Des immeubles blancs, à un seul étage, ceignaient d’une double colonnade le parc central. D’horribles petits taxis à trois roues équipés d’un moteur de scooter pétaradaient en longeant la galerie couverte ; parfois, quatre ou cinq passagers drapés dans des haillons s’entassaient derrière le conducteur.
Se conformant aux indications qu’il avait reçues, Coplan chercha Irwin Road.
C’était une avenue rectiligne longue de plus de six kilomètres et qui évoquait plus une banlieue résidentielle que le quartier d’affaires d’une ville moderne. Toute la nouvelle Delhi, du reste, a des constructions basses et clairsemées.

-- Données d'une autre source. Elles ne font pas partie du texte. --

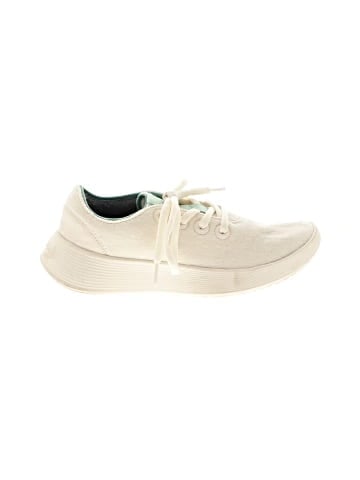Allbirds Sneakers (view 1)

La ponctualité de Coplan était inhérente à sa nature. A dix heures précises, il pénétra dans un édifice occupé par les bureaux de firmes commerciales diverses. Au second étage, il poussa la porte marquée « Motorcar Ins.-Co. ».
Un homme en bras de chemise était assis à une table de travail encombrée de dossiers. Il avait des cheveux grisonnants, un visage d’Européen sur lequel un long exil avait imprimé une expression morose : des rides aux coins de la bouche, un regard indifférent, désabusé, un front pourtant soucieux.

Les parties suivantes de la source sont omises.